Skip to main content
dnguyen71742856
Participant
January 22, 2018
Question

How to exporting foreign languages to html

  • January 22, 2018
  • 4 replies
  • 454 views

Hi, I have a large project to convert pdfs in foreign languages to html.

I am trying to convert a Hindi pdf document to html, but it's not working. It's exporting garbled characters.

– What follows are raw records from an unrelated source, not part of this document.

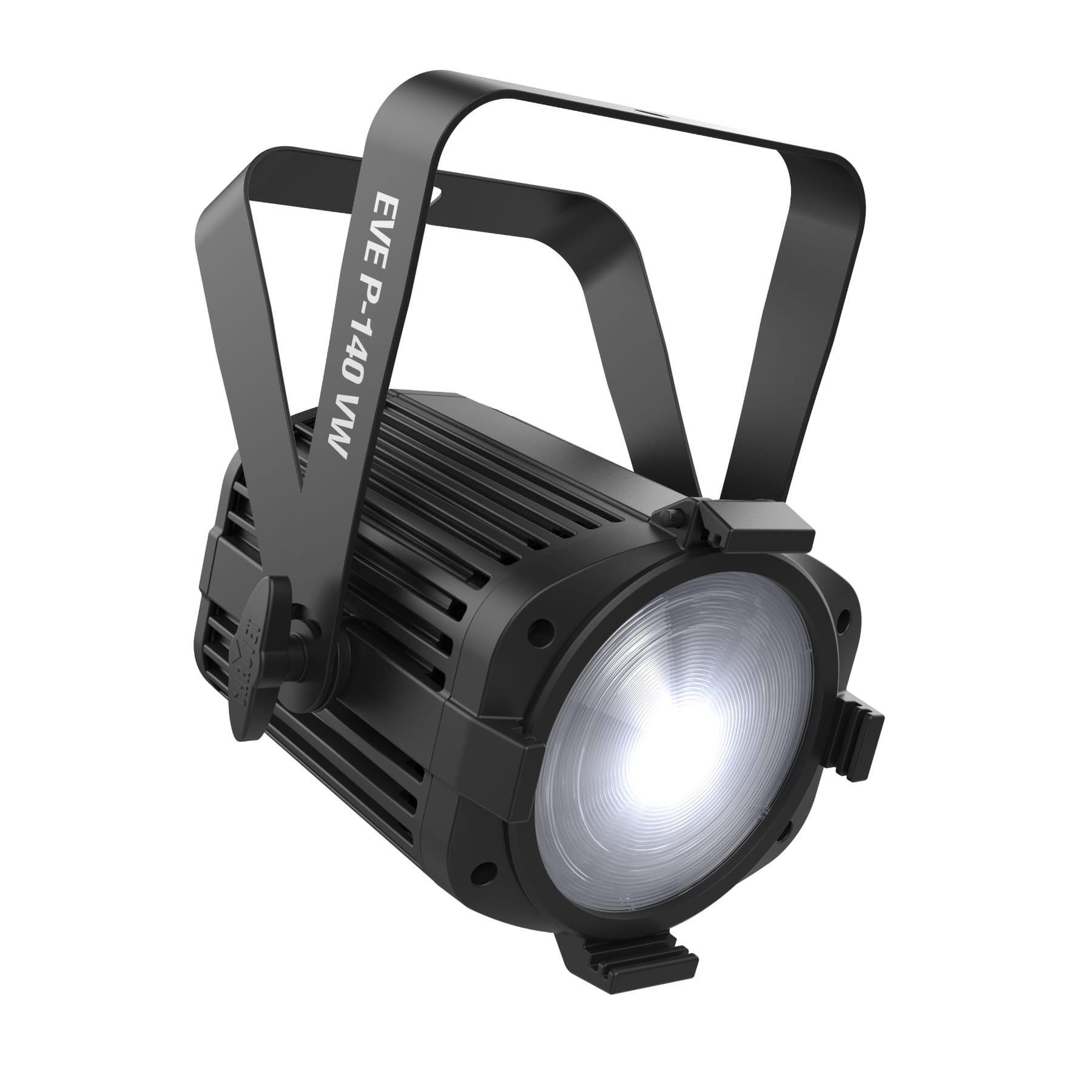 Chauvet DJ EVE P-140 VW right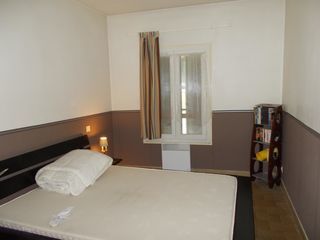  Appartement � vendre 4 pi�ces 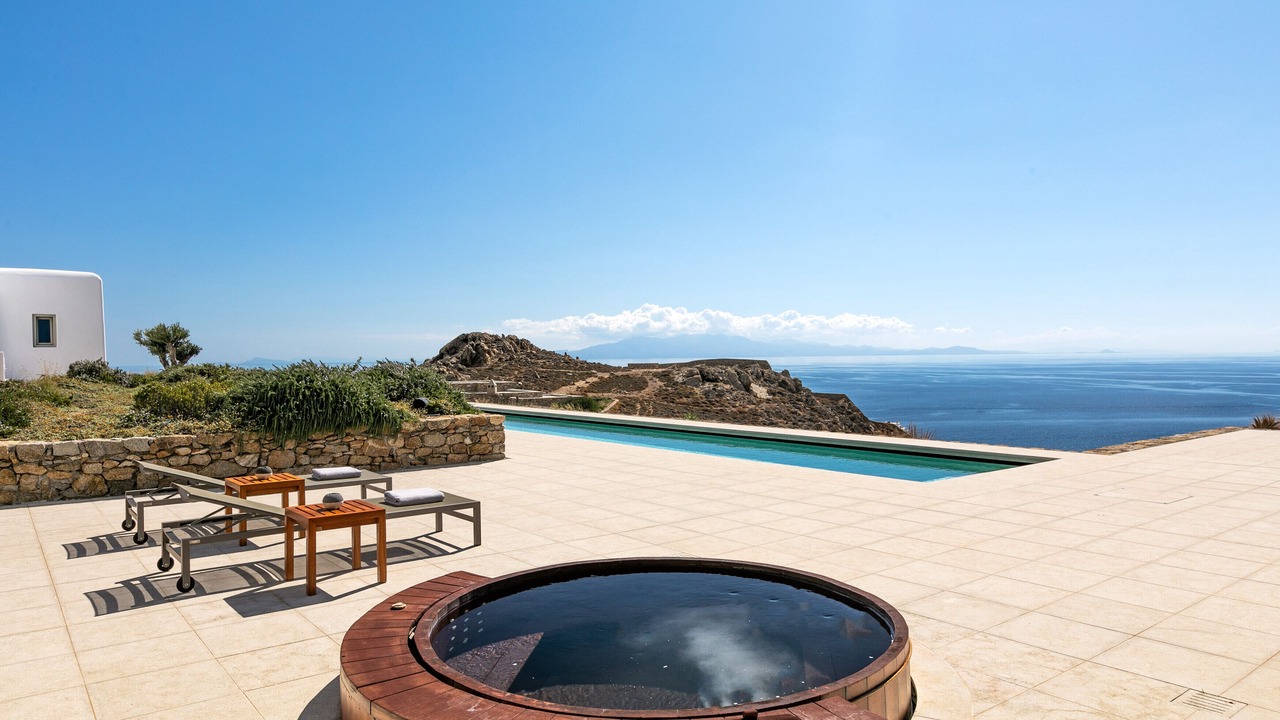 Photo of Outdoor in Paraga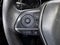 2023 Toyota Camry Hybrid LE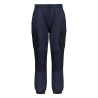jogging portwest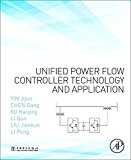 Book Unified Power Flow Controller Technology and Application free
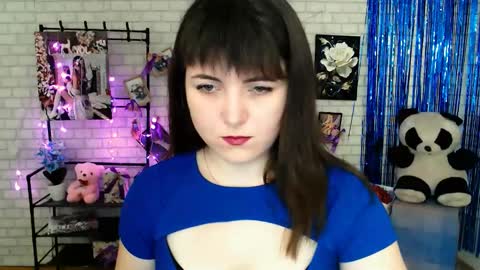 Darina online show from January 29, 6:01 am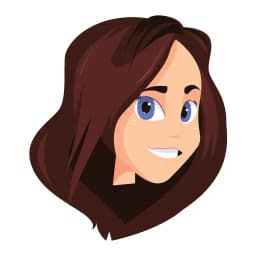 Explore With Vandana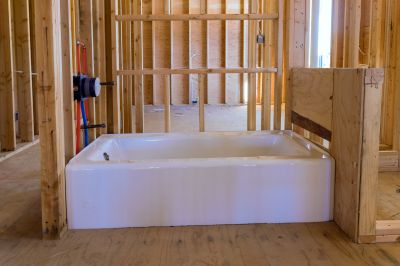 Top Bathroom Remodeling Companies in Cabot, AR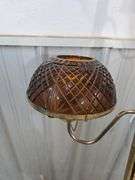 Vintage Tension Pole Lamp (BIN $75)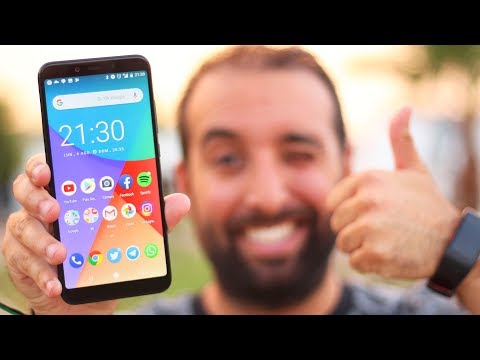 XIAOMI Mi A2, lo MEJOR y lo PEOR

Here's an example of one document.

https://www.bart.gov/sites/default/files/docs/Title_VI_Poster_Legal_Size_12-29-09_HINDI.pdf

This topic has been closed for replies.

4 replies

Legend
January 23, 2018

Then you must retype. You have no usable text.

Legend
January 23, 2018

There's an important step before deciding there is a problem with HTML export. Try to select text, copy and paste it (to Word, for example). Often PDF files are badly made and have text which cannot be extracted; such files cannot be exported correctly either.

dnguyen71742856
Participant
January 23, 2018

I've already tried copy and pasting the Hindi characters in the document from the link I included above into Word, as well as,  converting to a Word document.  It doesn't work.

Inspiring
January 23, 2018

You will also need the exact character set for the foreign language installed on your computer.

dnguyen71742856
Participant
January 23, 2018

They don't have the source file anymore so all I have is the pdf file.  How can I get the full foreign character set?  Can you please help send instructions on the best approach?

Thanks!

Legend
January 23, 2018

Are you using the latest Acrobat?

dnguyen71742856
Participant
January 23, 2018

I am using Adobe Acrobat Pro DC 2018.009.20044